Ailleurs, et cela depuis Homogenic, Mark Bell vient lui aussi apporté sa collaboration à Björk (« I see who you are », « Declare independence »). De même l’habitué Sjón qu’elle connaît au moins depuis Sugarcubes (« Wanderlust »), quand celle-ci ne fait pas tout toute seule (« Vertebrae by vertebrae », « Pneumonia »).
Ainsi, avec le recul, le tout Volta prend enfin sa consistance : Björk l’avait dit alors, avec cet album, elle avait voulu se faire plaisir. Pas s’amuser, comme certains ont pu l’interpréter, ce qui change beaucoup. En effet, c’est un disque très vivant, survolté même, mais toujours sérieux. En somme, Volta est terriblement excitant. Il est conçu de dix morceaux issus d’un même moule, mais peints chacun avec des couleurs soit différentes, soit utilisées différemment.

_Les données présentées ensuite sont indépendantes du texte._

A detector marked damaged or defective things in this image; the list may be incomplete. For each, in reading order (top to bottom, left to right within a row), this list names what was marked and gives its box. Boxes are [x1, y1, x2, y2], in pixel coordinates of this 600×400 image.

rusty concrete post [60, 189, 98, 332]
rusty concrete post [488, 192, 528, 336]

Björk le savait, sans hésitation aucune : intitulé son album Volta, et non pas plus facilement « Evolution » ou même « Revolution » aurait été cynique. Il y a bien une évolution naturelle, c’est-à-dire une avancée dans sa musique. Après cinq albums, l’Islandaise ne peut et ne veut même pas prétendre qu’elle espère amorcer une nouvelle révolution dans la musique ou dans sa musique. Elle le fait plus sobrement, avec humilité. Elle n’hésite pas, à cet effet, à s’auto-sampler sur « Vertebrae by vertebrae », qui reprend ainsi un échantillon de sa bande originale pour Drawing Restraint, sortie deux ans plus tôt.
Quel plaisir, disons peut-être depuis 2010, de redécouvrir toute la chaleur de Volta. J’espère que Biophilia aura, lui aussi, une seconde chance, mais il me semble trop froid pour que cela soit aisé.
Finalement, ma première déception avec Björk n’était pas encore arrivée.